Qadhi’s rhetoric reflects a deep inferiority complex and a need for approval from the very institutions that undermine Islam. This mindset lies at the heart of what Sardar calls the “Brown Sahib” someone who sees himself and wants to be see as a mirror of the colonizer.  The Brown Sahib is a believer in Western superiority, convinced that progress requires disowning his own tradition, he believes that Islam must be reframed through Western categories in order to be respectable. It is a legacy of colonial thinking, best captured in Macaulay’s infamous 1835 statement.

“We must at present do our best to form a class who may be interpreters between us and the millions whom we govern; a class of persons, Indian in blood and colour, but English in taste, in opinions, in morals, and in intellect.4

Sardar describes how colonial systems deliberately manufactured such figures through education systems that divorced them from their own cultures and made them ashamed of their traditions. The goal was never just physical control but intellectual dependency. This colonial mindset persists in the native informant who speaks not for Islam, but for the West’s view of Islam. Yasir Qadhi increasingly plays this role with remarkable precision. He has become the sort of “interpreter” Macaulay hoped for: native in blood, but Western in intellect. Sardar may not have had Qadhi in mind when describing the “Brown Sahib,” but the shoe fits so well it might as well have been tailor made.

Al-Aʿẓamī Unmasked Orientalism—Qadhi Surrendered to It

Professor Muṣṭafā al-Aʿẓamī (d. 2017) is a powerful example of a scholar who remained firmly rooted in traditional Islamic knowledge while also mastering the tools of Western academic research.5 His famous book Studies in Early Hadith Literature is not just a defence of the Sunnah, it is also a thorough refutation of Western Orientalist attacks on the hadith sciences.

Al-Aʿẓamī was classically trained in the madrasa tradition, memorising Qur’an, studying with leading ḥadīth scholars in India, and later training at al-Azhar. Yet his PhD from Cambridge University, praised by his examiner Professor A.J. Arberry as “one of the most exciting and original investigations in this field of modern times,” showcases his ability to operate within Western scholarly standards. Unlike Qadhi, Professor Al-Aʿẓamī did not use his academic training to undermine Islam. Instead, he used it to expose the weaknesses in the arguments of Orientalist scholars like Ignaz Goldziher and Joseph Schacht.

Using Western historiographical tools, al-Aʿẓamī was able to affirm the normative Sunni view that hadith literature, far from being a later fabrication, was systematically preserved from the earliest generations. He also shows that the hadith sciences were developed early on, with rules of narrator evaluation and isnād criticism that rival any Western historical method in precision and care.
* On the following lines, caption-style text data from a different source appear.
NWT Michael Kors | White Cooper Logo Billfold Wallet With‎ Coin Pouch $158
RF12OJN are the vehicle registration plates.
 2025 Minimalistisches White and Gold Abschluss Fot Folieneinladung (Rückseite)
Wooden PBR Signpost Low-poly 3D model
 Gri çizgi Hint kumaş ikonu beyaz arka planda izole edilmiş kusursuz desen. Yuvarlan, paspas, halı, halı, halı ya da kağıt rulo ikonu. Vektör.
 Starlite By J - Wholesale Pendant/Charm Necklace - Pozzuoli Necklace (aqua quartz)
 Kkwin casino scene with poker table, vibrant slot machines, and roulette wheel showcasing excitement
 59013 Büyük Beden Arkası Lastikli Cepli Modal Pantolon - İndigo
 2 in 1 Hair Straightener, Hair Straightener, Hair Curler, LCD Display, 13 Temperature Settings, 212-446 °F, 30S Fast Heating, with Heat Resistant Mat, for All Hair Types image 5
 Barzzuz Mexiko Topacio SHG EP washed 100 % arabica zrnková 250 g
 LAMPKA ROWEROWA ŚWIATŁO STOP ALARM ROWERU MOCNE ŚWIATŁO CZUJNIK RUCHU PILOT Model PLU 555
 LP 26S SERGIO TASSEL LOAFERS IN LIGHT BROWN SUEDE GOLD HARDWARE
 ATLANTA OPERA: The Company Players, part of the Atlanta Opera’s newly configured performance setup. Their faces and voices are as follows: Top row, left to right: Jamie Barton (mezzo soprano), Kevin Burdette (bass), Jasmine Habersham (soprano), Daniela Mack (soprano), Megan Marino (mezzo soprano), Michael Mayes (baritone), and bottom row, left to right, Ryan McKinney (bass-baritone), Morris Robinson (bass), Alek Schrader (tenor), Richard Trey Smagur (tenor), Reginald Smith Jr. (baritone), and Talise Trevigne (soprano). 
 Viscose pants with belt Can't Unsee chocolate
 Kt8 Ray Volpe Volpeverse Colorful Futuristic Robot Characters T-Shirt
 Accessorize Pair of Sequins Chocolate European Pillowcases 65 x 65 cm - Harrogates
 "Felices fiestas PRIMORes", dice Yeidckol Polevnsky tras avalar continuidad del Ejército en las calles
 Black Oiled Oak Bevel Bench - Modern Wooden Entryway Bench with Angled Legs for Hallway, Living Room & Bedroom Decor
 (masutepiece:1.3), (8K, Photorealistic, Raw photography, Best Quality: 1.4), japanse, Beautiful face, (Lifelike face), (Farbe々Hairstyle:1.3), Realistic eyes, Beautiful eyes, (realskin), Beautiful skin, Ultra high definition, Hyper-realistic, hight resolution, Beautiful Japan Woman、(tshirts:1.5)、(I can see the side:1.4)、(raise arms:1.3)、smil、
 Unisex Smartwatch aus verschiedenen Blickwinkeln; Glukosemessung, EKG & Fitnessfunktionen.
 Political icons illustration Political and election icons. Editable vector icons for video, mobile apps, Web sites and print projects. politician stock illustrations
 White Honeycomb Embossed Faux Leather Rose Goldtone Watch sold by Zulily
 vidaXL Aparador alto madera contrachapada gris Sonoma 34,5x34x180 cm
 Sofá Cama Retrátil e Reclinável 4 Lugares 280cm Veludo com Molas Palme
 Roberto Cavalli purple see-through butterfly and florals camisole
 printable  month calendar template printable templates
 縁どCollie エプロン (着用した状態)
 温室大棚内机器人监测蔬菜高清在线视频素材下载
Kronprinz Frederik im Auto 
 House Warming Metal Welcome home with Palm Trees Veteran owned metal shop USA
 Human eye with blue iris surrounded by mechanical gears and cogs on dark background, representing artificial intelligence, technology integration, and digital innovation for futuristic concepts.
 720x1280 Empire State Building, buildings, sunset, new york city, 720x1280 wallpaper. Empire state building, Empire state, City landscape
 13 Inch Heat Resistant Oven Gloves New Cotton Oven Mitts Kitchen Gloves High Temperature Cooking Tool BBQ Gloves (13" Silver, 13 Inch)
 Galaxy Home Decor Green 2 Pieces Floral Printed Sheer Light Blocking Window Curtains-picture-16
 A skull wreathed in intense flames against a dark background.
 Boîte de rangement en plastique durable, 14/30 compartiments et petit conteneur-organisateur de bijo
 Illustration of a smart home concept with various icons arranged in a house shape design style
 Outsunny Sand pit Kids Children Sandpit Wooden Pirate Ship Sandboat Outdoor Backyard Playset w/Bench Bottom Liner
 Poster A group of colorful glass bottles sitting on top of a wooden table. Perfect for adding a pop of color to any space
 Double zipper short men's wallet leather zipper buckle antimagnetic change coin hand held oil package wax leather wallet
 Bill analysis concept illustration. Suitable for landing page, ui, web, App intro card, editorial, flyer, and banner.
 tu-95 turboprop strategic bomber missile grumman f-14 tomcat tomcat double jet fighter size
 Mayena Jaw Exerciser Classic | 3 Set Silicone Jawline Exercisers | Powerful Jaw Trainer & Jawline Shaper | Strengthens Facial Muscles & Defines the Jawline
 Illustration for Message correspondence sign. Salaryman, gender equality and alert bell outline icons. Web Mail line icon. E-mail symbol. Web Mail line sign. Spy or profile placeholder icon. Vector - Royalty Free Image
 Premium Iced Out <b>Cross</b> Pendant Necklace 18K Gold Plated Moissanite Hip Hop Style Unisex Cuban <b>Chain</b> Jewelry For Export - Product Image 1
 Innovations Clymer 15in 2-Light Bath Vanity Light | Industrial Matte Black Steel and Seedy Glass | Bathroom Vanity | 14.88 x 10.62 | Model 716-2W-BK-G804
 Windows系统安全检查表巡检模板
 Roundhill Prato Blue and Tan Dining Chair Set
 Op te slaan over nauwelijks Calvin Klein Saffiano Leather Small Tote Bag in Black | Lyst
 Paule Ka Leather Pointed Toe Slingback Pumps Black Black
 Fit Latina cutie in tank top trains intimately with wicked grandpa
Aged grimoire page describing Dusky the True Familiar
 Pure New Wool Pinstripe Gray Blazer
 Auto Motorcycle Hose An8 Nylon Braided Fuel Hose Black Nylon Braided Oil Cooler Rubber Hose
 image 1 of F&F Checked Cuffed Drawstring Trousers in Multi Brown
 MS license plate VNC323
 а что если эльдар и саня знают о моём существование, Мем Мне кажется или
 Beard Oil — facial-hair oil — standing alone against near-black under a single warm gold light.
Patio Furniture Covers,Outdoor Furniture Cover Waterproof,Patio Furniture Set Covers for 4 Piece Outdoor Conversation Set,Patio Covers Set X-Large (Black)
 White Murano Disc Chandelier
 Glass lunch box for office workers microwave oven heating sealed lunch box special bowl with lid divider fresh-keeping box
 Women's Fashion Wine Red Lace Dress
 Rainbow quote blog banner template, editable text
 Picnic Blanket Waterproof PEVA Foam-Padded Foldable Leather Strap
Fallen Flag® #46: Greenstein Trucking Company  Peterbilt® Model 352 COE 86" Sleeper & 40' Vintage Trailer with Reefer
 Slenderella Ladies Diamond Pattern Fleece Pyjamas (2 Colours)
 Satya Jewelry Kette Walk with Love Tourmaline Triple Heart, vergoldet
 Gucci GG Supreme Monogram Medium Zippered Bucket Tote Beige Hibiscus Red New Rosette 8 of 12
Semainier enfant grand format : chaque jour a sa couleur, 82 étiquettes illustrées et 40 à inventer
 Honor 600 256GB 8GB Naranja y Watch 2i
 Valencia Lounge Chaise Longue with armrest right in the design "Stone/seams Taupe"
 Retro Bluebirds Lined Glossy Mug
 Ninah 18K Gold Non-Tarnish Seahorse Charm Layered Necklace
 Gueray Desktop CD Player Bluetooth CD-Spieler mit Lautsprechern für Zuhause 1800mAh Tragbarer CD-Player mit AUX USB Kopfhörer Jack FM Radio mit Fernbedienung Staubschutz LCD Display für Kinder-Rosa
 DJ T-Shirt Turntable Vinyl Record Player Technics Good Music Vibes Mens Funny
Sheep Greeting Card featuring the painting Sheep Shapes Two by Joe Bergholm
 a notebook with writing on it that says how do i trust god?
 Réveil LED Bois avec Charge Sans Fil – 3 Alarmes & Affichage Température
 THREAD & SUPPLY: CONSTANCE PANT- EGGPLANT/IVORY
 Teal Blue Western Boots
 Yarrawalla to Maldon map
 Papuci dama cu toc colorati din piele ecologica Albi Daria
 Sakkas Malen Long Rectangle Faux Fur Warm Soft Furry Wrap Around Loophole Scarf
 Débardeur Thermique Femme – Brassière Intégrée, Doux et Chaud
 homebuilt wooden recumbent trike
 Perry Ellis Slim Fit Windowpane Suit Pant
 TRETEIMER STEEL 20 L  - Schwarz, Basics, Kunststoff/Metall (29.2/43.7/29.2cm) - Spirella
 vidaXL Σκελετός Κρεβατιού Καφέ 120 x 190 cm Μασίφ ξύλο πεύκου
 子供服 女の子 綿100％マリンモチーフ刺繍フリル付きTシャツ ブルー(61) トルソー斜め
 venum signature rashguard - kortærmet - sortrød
Unlike Qadhi, Professor al-Aʿẓamī not only mastered the tools of Western Orientalism particularly in areas like hadith criticism and historiography but critically assessed them from within the Islamic paradigm. He engaged Western methods without being intellectually subdued by them. He saw their limitations, exposed their biases, and used them to strengthen the Islamic tradition rather than undermine it. Qadhi, on the other hand, did not merely borrow these tools he embraced the entire Orientalist framework that produced them. The brown sahib that he is, Qadhi failed to critically dissect the assumptions of Western scholarship, assumptions that even non Muslim thinkers like Edward Said and Frantz Fanon recognised and challenged. Instead of questioning the lens, he looked through it. He did not see Orientalism as a colonial enterprise of intellectual domination, but as a path to enlightenment. In doing so, he became its archetype: the native informant, fluent in the language of doubt, alienated from the tradition he once claimed to defend.

Conclusion

The case of Yasir Qadhi illustrates Fanon’s warning in full. The colonised intellectual, the brown sahib eager to appear reasonable to his masters, sheds his own tradition piece by piece until nothing remains but a mask. What began as engagement ends as erasure. And in this erasure, Qadhi no longer speaks for Islam but for the West’s version of it. He has worn the coloniser’s mask for so long, he no longer knows what his own face looks like..

Also see this article.

References

Azami, Muḥammad Muṣṭafā. Studies in Hadith Methodology and Literature. Indianapolis: American Trust Publications, 1977.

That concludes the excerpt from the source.